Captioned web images
※ ※ ※

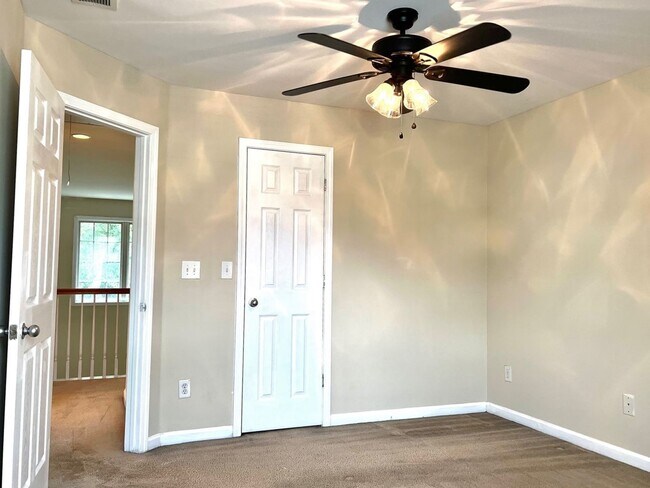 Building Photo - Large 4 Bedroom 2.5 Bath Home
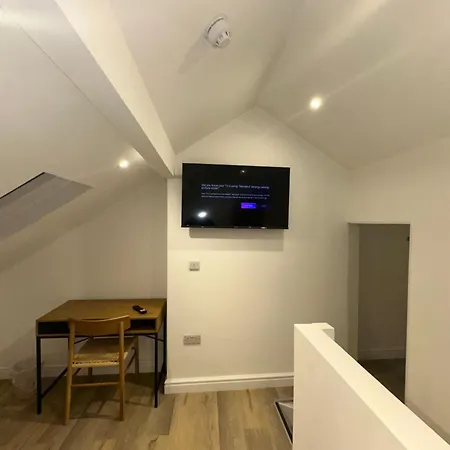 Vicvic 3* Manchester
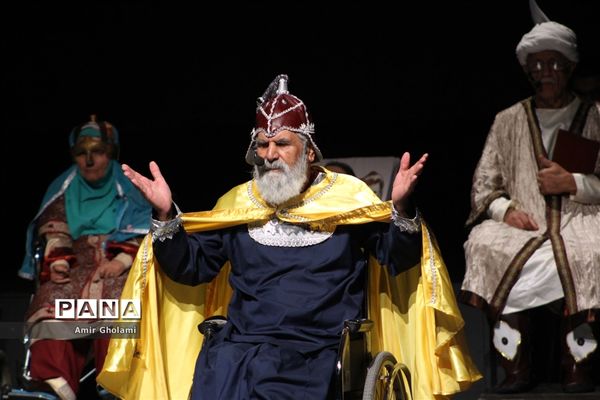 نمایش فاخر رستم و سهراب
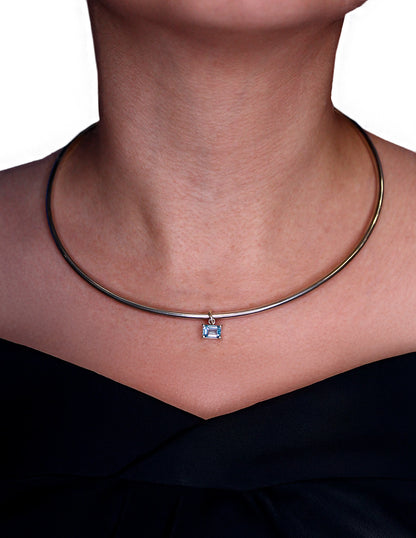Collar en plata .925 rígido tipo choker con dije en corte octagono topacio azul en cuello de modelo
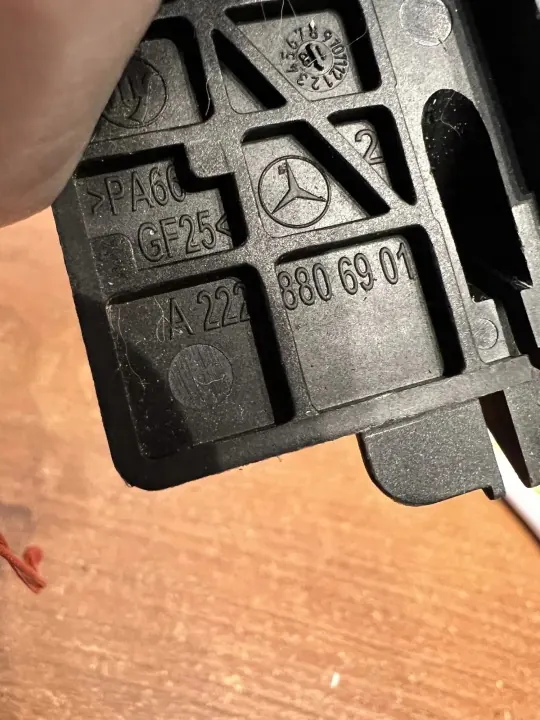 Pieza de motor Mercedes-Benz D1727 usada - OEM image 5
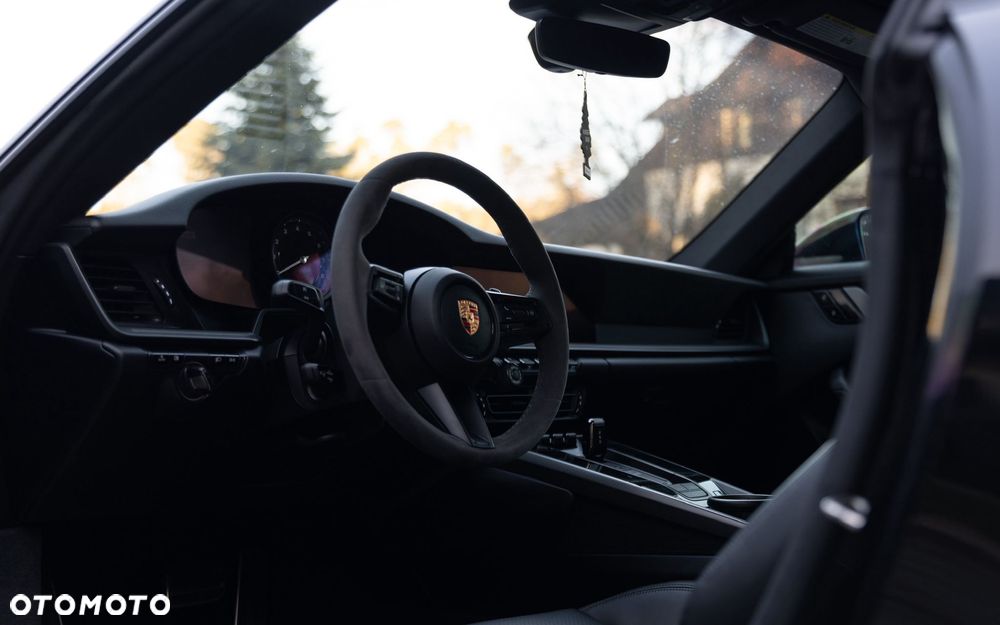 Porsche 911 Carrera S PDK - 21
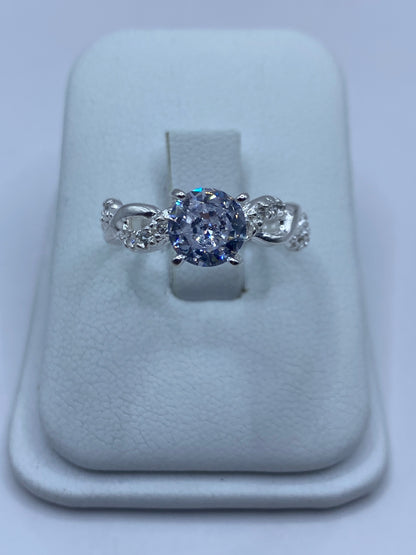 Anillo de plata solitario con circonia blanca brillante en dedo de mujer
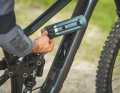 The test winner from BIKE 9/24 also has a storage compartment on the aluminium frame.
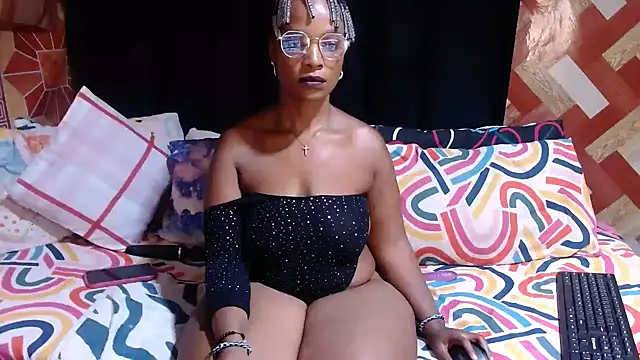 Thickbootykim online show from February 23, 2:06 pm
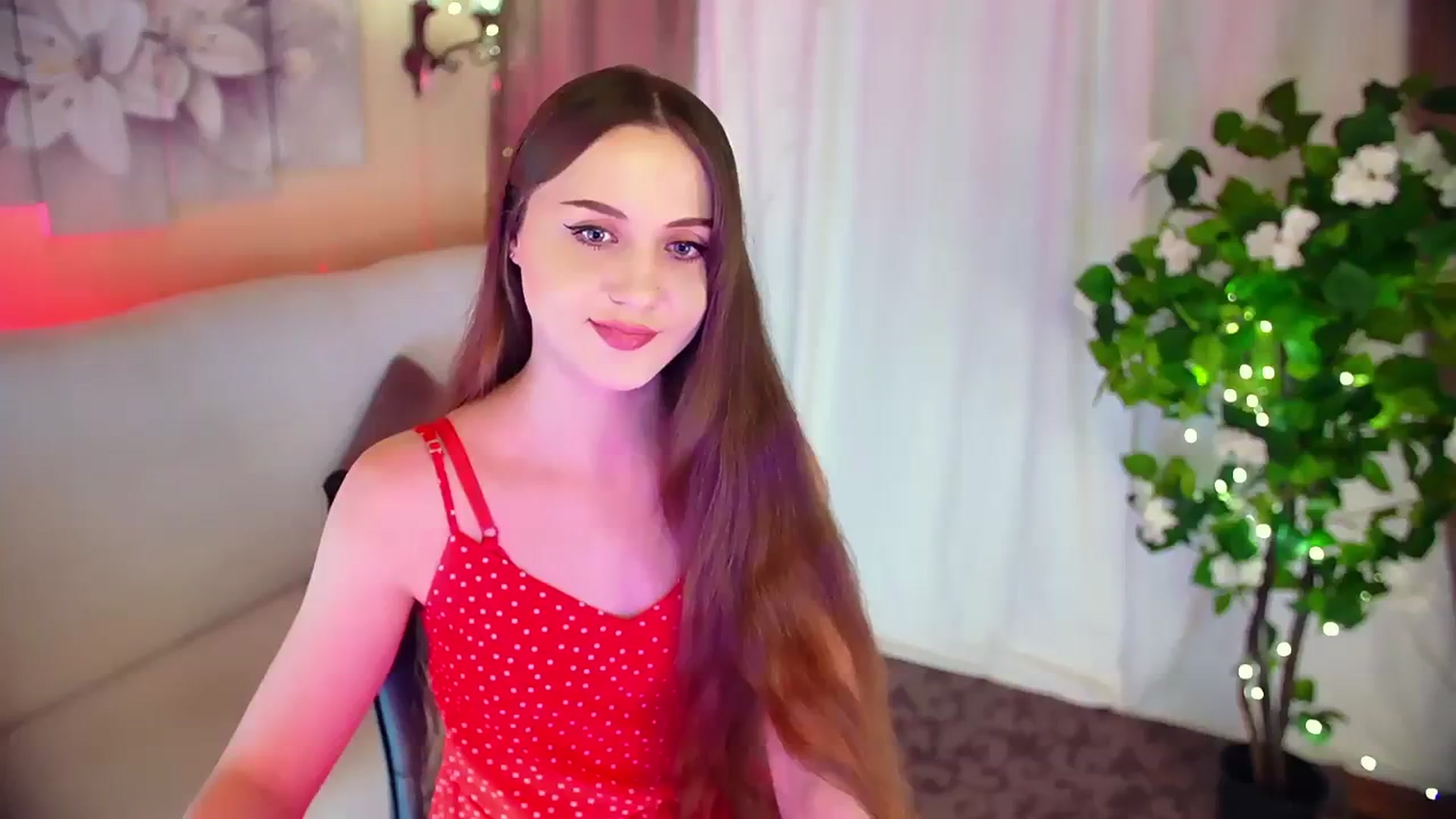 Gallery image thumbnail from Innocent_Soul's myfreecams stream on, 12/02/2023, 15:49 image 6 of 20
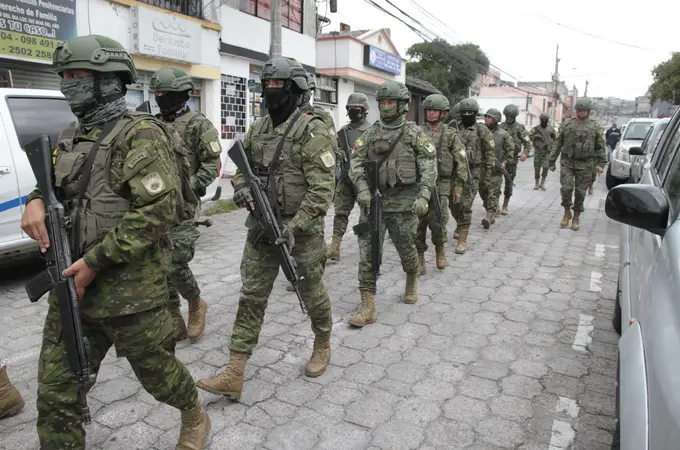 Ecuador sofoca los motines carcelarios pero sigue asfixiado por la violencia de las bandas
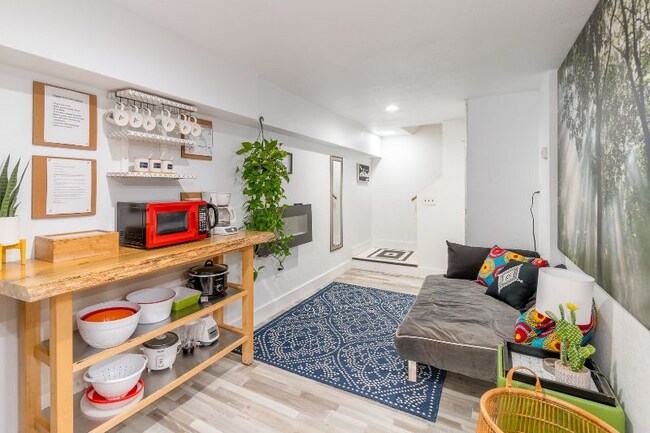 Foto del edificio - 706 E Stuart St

※ ※ ※

PROBLEM REQUIREMENTS
Your answer must be the lines from the one holding "Porsche 911 Carrera S PDK - 21" through the final line of the records above, exactly as written and without any pictures.

WRITTEN ANSWER
 Porsche 911 Carrera S PDK - 21
 Anillo de plata solitario con circonia blanca brillante en dedo de mujer
 The test winner from BIKE 9/24 also has a storage compartment on the aluminium frame.
 Thickbootykim online show from February 23, 2:06 pm
 Gallery image thumbnail from Innocent_Soul's myfreecams stream on, 12/02/2023, 15:49 image 6 of 20
 Ecuador sofoca los motines carcelarios pero sigue asfixiado por la violencia de las bandas
 Foto del edificio - 706 E Stuart St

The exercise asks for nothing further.